The first thing to realize is that potential video content is all around you, every day. Every time an executive keynotes a conference, a product manager gives a briefing to the sales team, or a technologist gives a customer briefing, that’s potential content marketing fodder. Smart content marketers keep their antennae up, watching for opportunities to videotape these sessions for possible re-use. Even if you don’t use that exact presentation because it may be situation-specific, you can ask the presenter to recreate a more generic version for content marketing purposes.

Sure, some will run the other way if you mention you need help with a video — being recorded is the last thing that some folks want. Change your tack with the more timid types and just point out that you need their subject matter expertise. They’re sure to warm up over time and share their valuable knowledge in the form of existing slides, graphs, charts, etc. You can narrate the online video presentation for them, if they aren’t willing to appear on-camera. Once they see the finished video, they may come to you with their next great idea, ready and willing to make their video debut.

Using video for content marketing doesn’t have to be hard. And it doesn’t need to be expensive.

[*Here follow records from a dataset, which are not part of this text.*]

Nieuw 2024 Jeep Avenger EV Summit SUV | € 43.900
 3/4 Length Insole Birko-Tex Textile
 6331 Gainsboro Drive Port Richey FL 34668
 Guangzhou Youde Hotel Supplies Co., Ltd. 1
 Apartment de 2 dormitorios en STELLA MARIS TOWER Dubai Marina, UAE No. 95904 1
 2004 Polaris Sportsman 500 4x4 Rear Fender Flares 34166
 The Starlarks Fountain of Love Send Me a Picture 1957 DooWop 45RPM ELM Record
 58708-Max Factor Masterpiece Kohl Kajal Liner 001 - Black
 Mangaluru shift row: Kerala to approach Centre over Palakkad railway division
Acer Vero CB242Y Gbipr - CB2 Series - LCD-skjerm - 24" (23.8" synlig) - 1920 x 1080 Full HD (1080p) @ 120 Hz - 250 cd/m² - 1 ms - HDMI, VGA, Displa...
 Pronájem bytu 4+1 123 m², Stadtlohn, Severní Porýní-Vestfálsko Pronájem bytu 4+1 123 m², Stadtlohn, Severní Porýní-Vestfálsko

By dividing your content needs into tiers and matching production process to these tiers, you too can stay within budget and unleash the full persuasion and conversion power of video on your prospects.

Author: Michael Kolowich

A 20-year pioneer in online content, Michael Kolowich is CEO and founder of KnowledgeVision, a platform for creating interactive video marketing assets from PowerPoint presentations. A former Emmy-winning TV news reporter, he went on to be Chief Marketing Officer at Lotus, founded ZDNet and NewsEdge, led AT&T's new media initiatives, and was CEO of Individual Incorporated, the first internet content IPO. You can follow him on Twitter @MichaelKolowich.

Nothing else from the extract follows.